### [Exercise data]
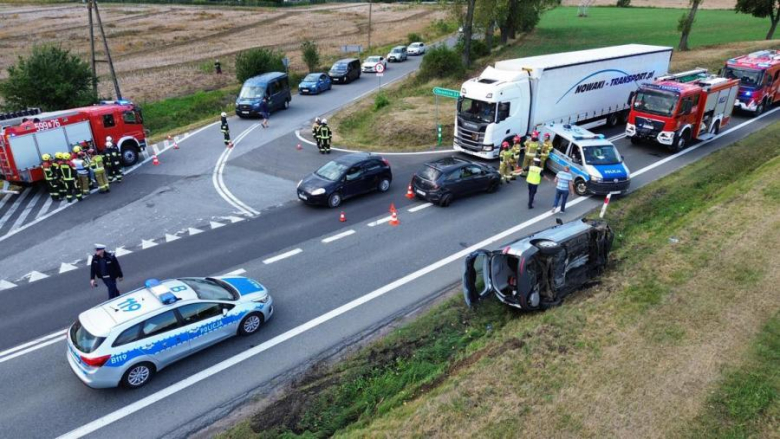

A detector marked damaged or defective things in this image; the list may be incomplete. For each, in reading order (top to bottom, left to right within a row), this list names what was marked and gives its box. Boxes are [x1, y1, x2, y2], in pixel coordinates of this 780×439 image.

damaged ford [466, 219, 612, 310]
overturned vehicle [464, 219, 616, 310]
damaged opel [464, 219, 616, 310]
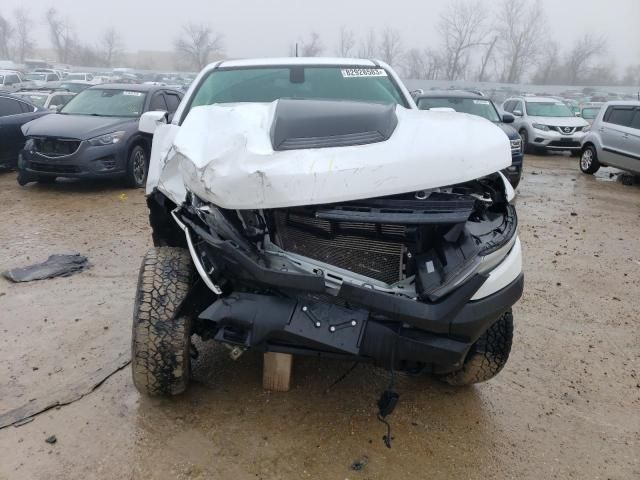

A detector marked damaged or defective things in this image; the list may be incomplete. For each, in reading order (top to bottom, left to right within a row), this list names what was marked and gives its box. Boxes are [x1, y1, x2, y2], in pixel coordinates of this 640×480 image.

--

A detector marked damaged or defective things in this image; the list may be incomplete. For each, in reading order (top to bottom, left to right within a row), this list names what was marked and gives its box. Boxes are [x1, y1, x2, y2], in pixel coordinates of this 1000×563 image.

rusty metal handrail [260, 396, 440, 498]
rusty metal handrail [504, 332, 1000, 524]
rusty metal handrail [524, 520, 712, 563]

...

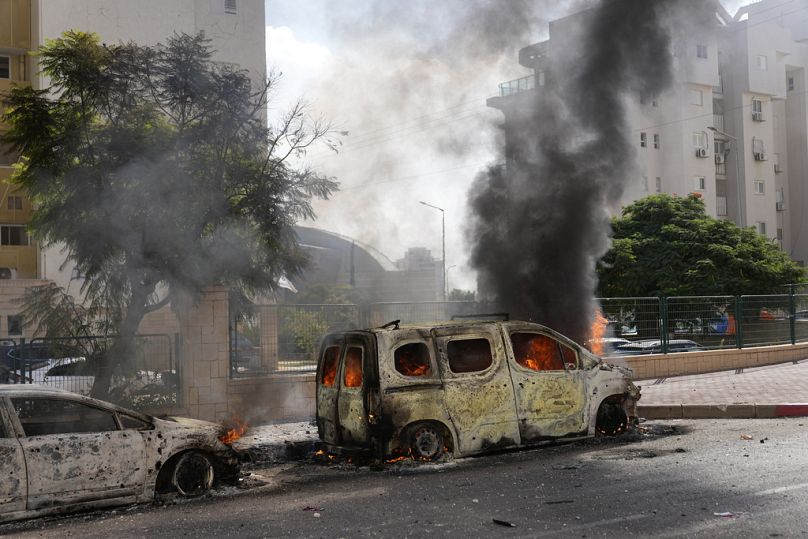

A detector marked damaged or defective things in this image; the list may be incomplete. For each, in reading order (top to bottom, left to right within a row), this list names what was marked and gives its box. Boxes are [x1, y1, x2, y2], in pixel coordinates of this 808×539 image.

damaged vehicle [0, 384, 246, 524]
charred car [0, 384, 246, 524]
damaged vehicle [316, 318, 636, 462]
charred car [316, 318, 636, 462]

### [Prompt]
Using the data above, transcribe exactly the lines between those containing "this 780×439 image." and "this 640×480 image.", inclusive, and leave every picture behind.

### [Exercise result]
A detector marked damaged or defective things in this image; the list may be incomplete. For each, in reading order (top to bottom, left to right within a row), this list names what was marked and gives its box. Boxes are [x1, y1, x2, y2], in pixel coordinates of this 780×439 image.

damaged ford [466, 219, 612, 310]
overturned vehicle [464, 219, 616, 310]
damaged opel [464, 219, 616, 310]

A detector marked damaged or defective things in this image; the list may be incomplete. For each, in reading order (top to bottom, left to right within a row), this list names what was marked and gives its box. Boxes are [x1, y1, x2, y2], in pixel coordinates of this 640×480 image.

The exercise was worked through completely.